Fisher and Paykel Healthcare, Auckland, New Zealand.
PLoS One. 2021 Feb 12;16(2):e0246123. doi: 10.1371/journal.pone.0246123. eCollection 2021.
Nasal High Flow (NHF) therapy delivers flows of heated humidified gases up to 60 LPM (litres per minute) via a nasal cannula. Particles of oral/nasal fluid released by patients undergoing NHF therapy may pose a cross-infection risk, which is a potential concern for treating COVID-19 patients.
Liquid particles within the exhaled breath of healthy participants were measured with two protocols: (1) high speed camera imaging and counting exhaled particles under high magnification (6 participants) and (2) measuring the deposition of a chemical marker (riboflavin-5-monophosphate) at a distance of 100 and 500 mm on filter papers through which air was drawn (10 participants). The filter papers were assayed with HPLC. Breathing conditions tested included quiet (resting) breathing and vigorous breathing (which here means nasal snorting, voluntary coughing and voluntary sneezing). Unsupported (natural) breathing and NHF at 30 and 60 LPM were compared.

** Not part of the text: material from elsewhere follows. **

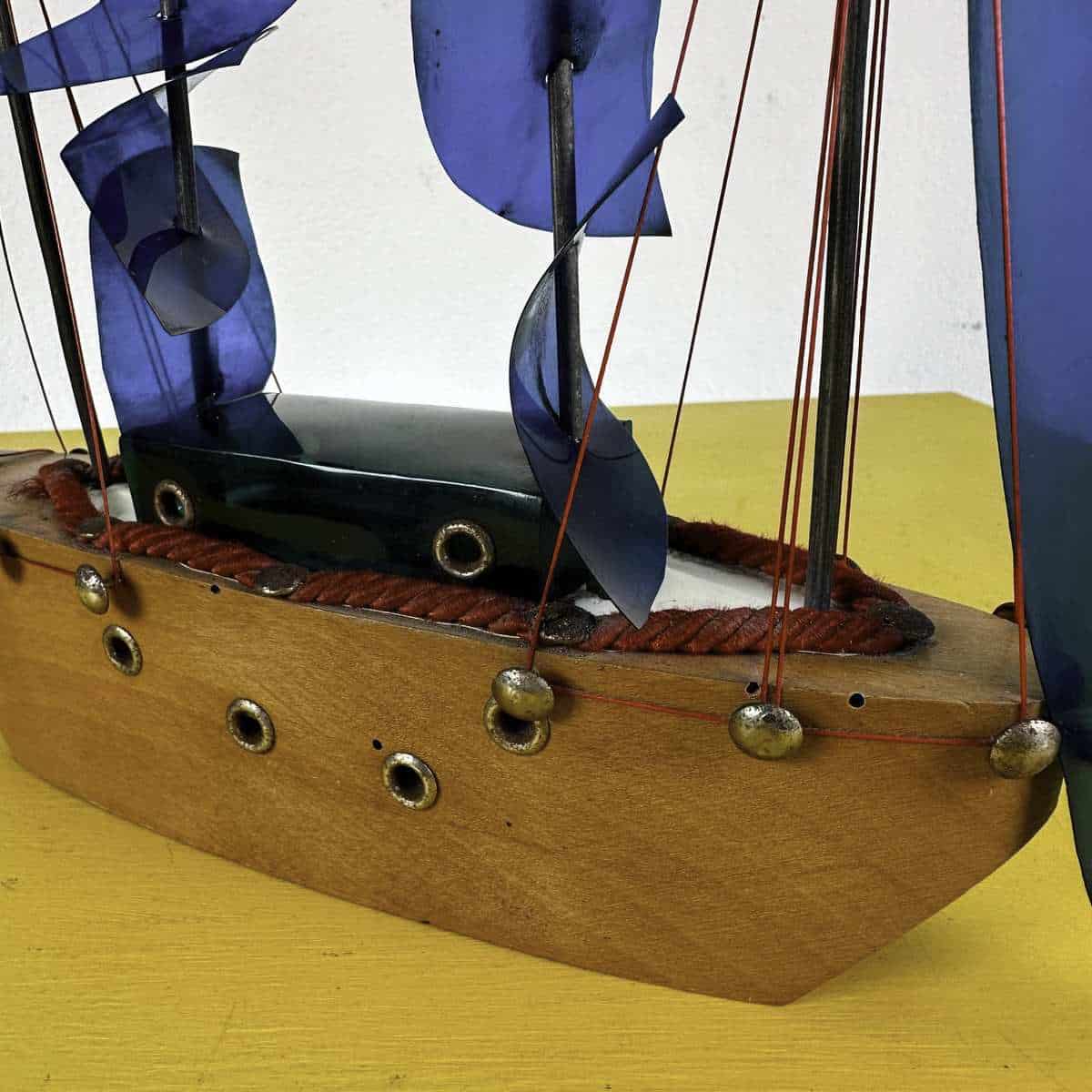 Una nave accesa sullo scaffale: storia e linguaggio del modellino di veliero 1 Modellino di veliero vintage in legno e plastica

Imaging: During quiet breathing, no particles were recorded with unsupported breathing or 30 LPM NHF (detection limit for single particles 33 μm). Particles were detected from 2 of 6 participants at 60 LPM quiet breathing at approximately 10% of the rate caused by unsupported vigorous breathing. Unsupported vigorous breathing released the greatest numbers of particles. Vigorous breathing with NHF at 60 LPM, released half the number of particles compared to vigorous breathing without NHF.Chemical marker tests: No oral/nasal fluid was detected in quiet breathing without NHF (detection limit 0.28 μL/m3). In quiet breathing with NHF at 60 LPM, small quantities were detected in 4 out of 29 quiet breathing tests, not exceeding 17 μL/m3. Vigorous breathing released 200-1000 times more fluid than the quiet breathing with NHF. The quantities detected in vigorous breathing were similar whether using NHF or not.
During quiet breathing, 60 LPM NHF therapy may cause oral/nasal fluid to be released as particles, at levels of tens of μL per cubic metre of air. Vigorous breathing (snort, cough or sneeze) releases 200 to 1000 times more oral/nasal fluid than quiet breathing (p < 0.001 with both imaging and chemical marker methods). During vigorous breathing, 60 LPM NHF therapy caused no statistically significant difference in the quantity of oral/nasal fluid released compared to unsupported breathing. NHF use does not increase the risk of dispersing infectious aerosols above the risk of unsupported vigorous breathing. Standard infection prevention and control measures should apply when dealing with a patient who has an acute respiratory infection, independent of which, if any, respiratory support is being used.
ACTRN12614000924651.
鼻高流量(NHF)治疗通过鼻插管输送加热加湿的气体,流速可达 60 升/分钟(升/分钟)。接受 NHF 治疗的患者释放的口腔/鼻腔液体颗粒可能会带来交叉感染的风险,这是治疗 COVID-19 患者的一个潜在问题。
使用两种方案测量健康参与者呼出的液体颗粒:(1)高速摄像成像并在高倍放大下计数呼出的颗粒(6 名参与者)和(2)通过在距滤纸 100 和 500 毫米处测量化学标记物(核黄素-5-单磷酸盐)的沉积量,空气通过滤纸(10 名参与者)。滤纸用 HPLC 进行分析。测试的呼吸条件包括安静(休息)呼吸和剧烈呼吸(这里指的是鼻吸气、自愿咳嗽和自愿打喷嚏)。比较了无支撑(自然)呼吸和 30 和 60 升/分钟的 NHF。
成像:在安静呼吸期间,未记录到无支撑呼吸或 30 升/分钟 NHF 时的颗粒(单个颗粒的检测限为 33 μm)。在 6 名参与者中的 2 名参与者以大约 10%的速度在 60 升/分钟的安静呼吸中检测到颗粒,而不受支持的剧烈呼吸速度更快。无支撑剧烈呼吸释放的颗粒数量最多。与无 NHF 的剧烈呼吸相比,60 升/分钟 NHF 下的剧烈呼吸释放的颗粒数量减少了一半。
无 NHF 的安静呼吸中未检测到口腔/鼻腔液体(检测限 0.28 μL/m3)。在 60 升/分钟 NHF 的安静呼吸中,在 29 次安静呼吸测试中的 4 次中检测到少量(不超过 17 μL/m3)。剧烈呼吸释放的液体量是安静呼吸时使用 NHF 的 200-1000 倍。使用 NHF 或不使用 NHF 时,剧烈呼吸释放的液体量相似。
在安静呼吸期间,60 升/分钟的 NHF 治疗可能会导致口腔/鼻腔液体以数十微升/立方米空气的水平作为颗粒释放。剧烈呼吸(鼻吸气、咳嗽或打喷嚏)释放的口腔/鼻腔液体量比安静呼吸多 200 到 1000 倍(两种成像和化学标记方法均 p < 0.001)。在剧烈呼吸时,与无支撑呼吸相比,60 升/分钟 NHF 治疗对释放的口腔/鼻腔液体量没有统计学上的显著差异。与无支撑剧烈呼吸相比,使用 NHF 不会增加传染性气溶胶分散的风险。在处理患有急性呼吸道感染的患者时,应采用标准的感染预防和控制措施,无论患者正在使用哪种呼吸支持,无论使用何种呼吸支持。
ACTRN12614000924651。